COMO Mariano Rajoy es un hombre de buena memoria –sus adversarios dicen que demasiado buena para los agravios– debe de recordar bien lo que ocurrió en España hace quince años. En 2003, a propósito del Prestige y de la guerra de Irak, el Gobierno de Aznar, del que formaba parte, sufrió en las calles un hostigamiento pertinaz, abrasivo, despiadado, que el actual presidente tuvo que lidiar en primera persona cuando el de entonces le mandó a gestionar la crisis de aquel maldito barco. El acoso fue la clave del desgaste que primero socavó la mayoría del PP y luego la tumbó en los tres infaustos días de marzo de 2004, ya con el propio Rajoy como candidato. Todo lo que padeció en aquel tiempo resultó una experiencia lo bastante dura para haberla olvidado.

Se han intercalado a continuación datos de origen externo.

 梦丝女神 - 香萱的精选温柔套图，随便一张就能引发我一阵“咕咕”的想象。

Ése es el clima de crispación al que quiere volver la izquierda. Como entonces, tampoco el PSOE controla directamente la movilización callejera, pero Sánchez no rechazará, como tampoco lo hizo Zapatero, la tentación de aprovecharse de ella. No estará en la algarada, que corre a cuenta de Podemos, pero sí en la protesta, que tratará de instrumentar en su beneficio para no cederle terreno a Pablo Iglesias. Un Iglesias que, por cierto, ha presumido en alguna ocasión de haber orquestado el «pásalo» de aquella víspera electoral turbulenta. Detalle menor: lo principal es que se repite la estrategia. A principios de siglo no había redes sociales ni la oposición contaba con televisiones de cabecera. Hoy existe, además, un ambiente estructural de revuelta que ha otorgado una importante masa crítica parlamentaria, y el gobierno de las principales ciudades, a un partido antisistema. Faltan, claro, un Prestige y una guerra, pero hay un combustible de descontento y potencia mediática suficiente –al estilo de William R. Hearst– para mantener viva la hoguera. El motín de Lavapiés puede ser el episodio piloto de una sugestiva serie televisiva sobre la insurgencia.

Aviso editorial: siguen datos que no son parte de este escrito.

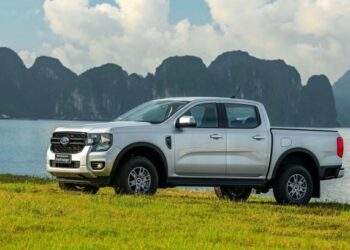 Ford recalls 21,100 cars in Vietnam for screen crash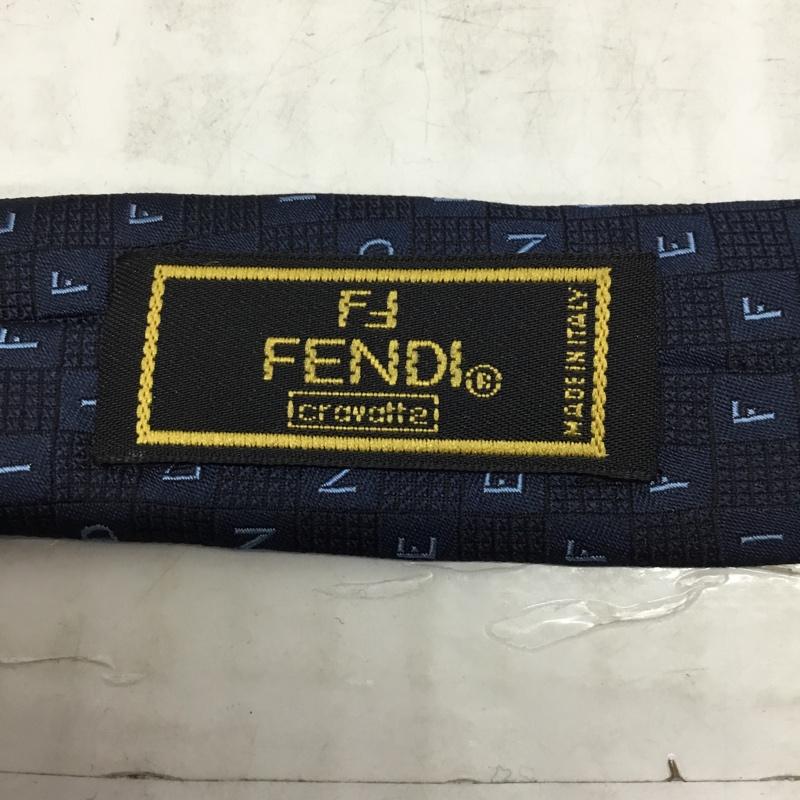 フェンディ FENDI ネクタイ ネクタイ シルク 総柄 紺 / ネイビー / メンズ USED 古着 中古 10119931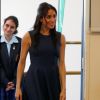 Para visitar escola e ir a reunião com o primeiro ministro australiano, Meghan Markle optou por vestido com pegada navy e vintage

A diferencia del de Aznar, este Gabinete no sólo carece de una mayoría de respaldo sino que pugna con otro partido por la hegemonía en su propio ámbito. Su teórico socio sólo le apoya a ratos y en todo caso su aval, administrado a cuentagotas, es exiguo y precario. Al marianismo, que ha salido malparado del conflicto catalán por falta de audacia, le espera un tramo de legislatura muy largo en el que todos los actores políticos tratarán de conducirlo al colapso. La agenda legislativa está bloqueada y en términos de empatía para la comunicación el Gobierno arrastra un déficit dramático. Acorralado y sin margen de iniciativa, lo van a sacudir como un saco.

Rajoy no tiene suerte con el poder: lo ejerce pero no ha podido disfrutarlo. La recesión económica primero y la inestabilidad política después le han amargado los mandatos. Si no encuentra el modo de romper este cerco corre el riesgo de cerrar su ciclo con un ingrato retorno al pasado.